▶ What is required
A word-for-word copy of the following listing is needed. Leave out its images.

▶ Information shown
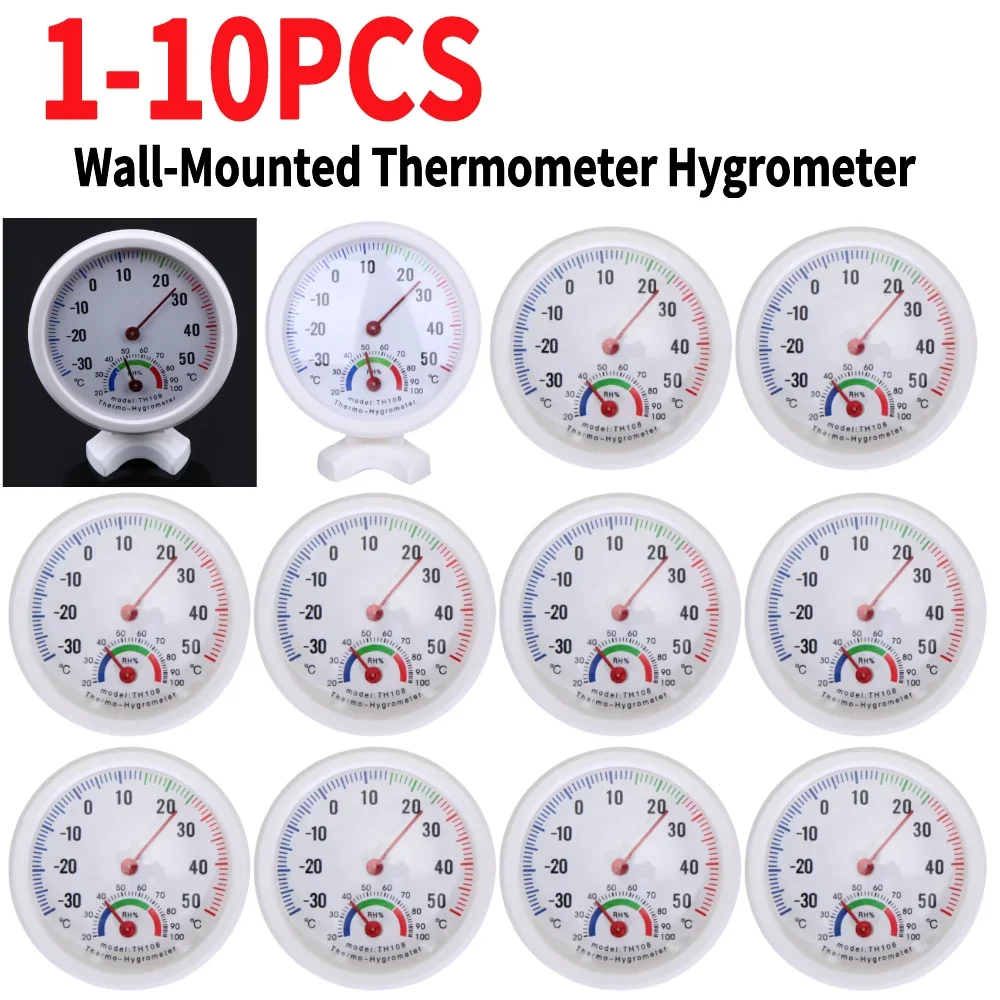 Garden Weather Station - Mini Round Clock-Shaped Thermometer Hygrometer Analog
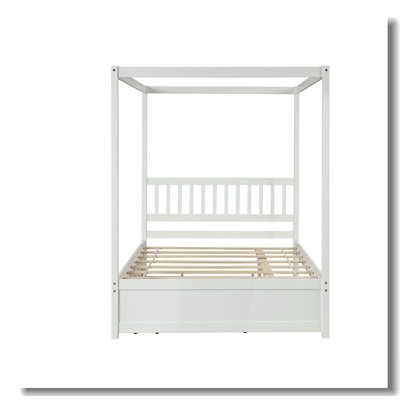 Full Size Canopy Platform Bed with Trundle, White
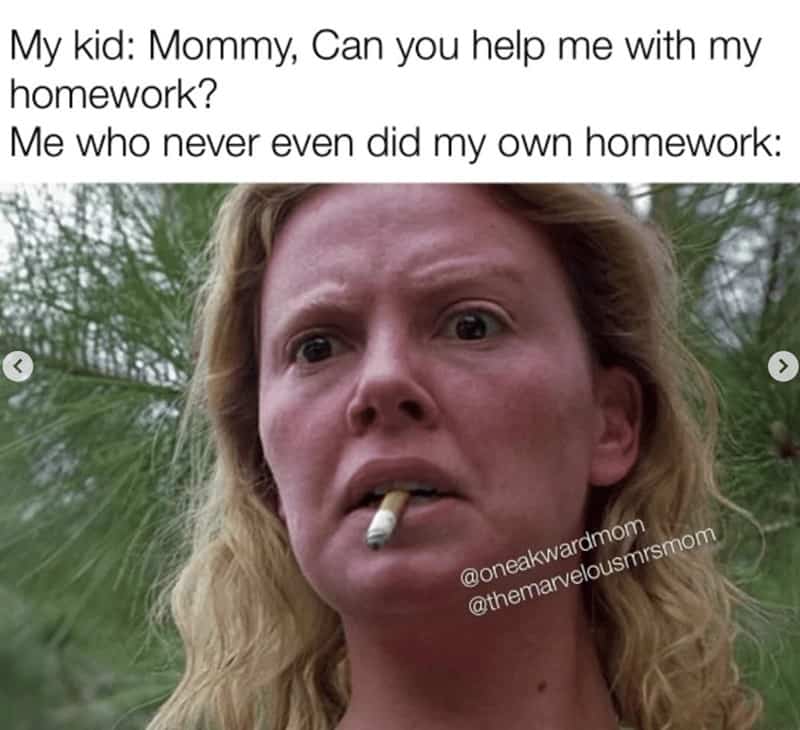 My kid: Mommy, Can you help me with my homework? Me who never even did my own homework:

▶ Exercise result
 Garden Weather Station - Mini Round Clock-Shaped Thermometer Hygrometer Analog
 Full Size Canopy Platform Bed with Trundle, White
 My kid: Mommy, Can you help me with my homework? Me who never even did my own homework:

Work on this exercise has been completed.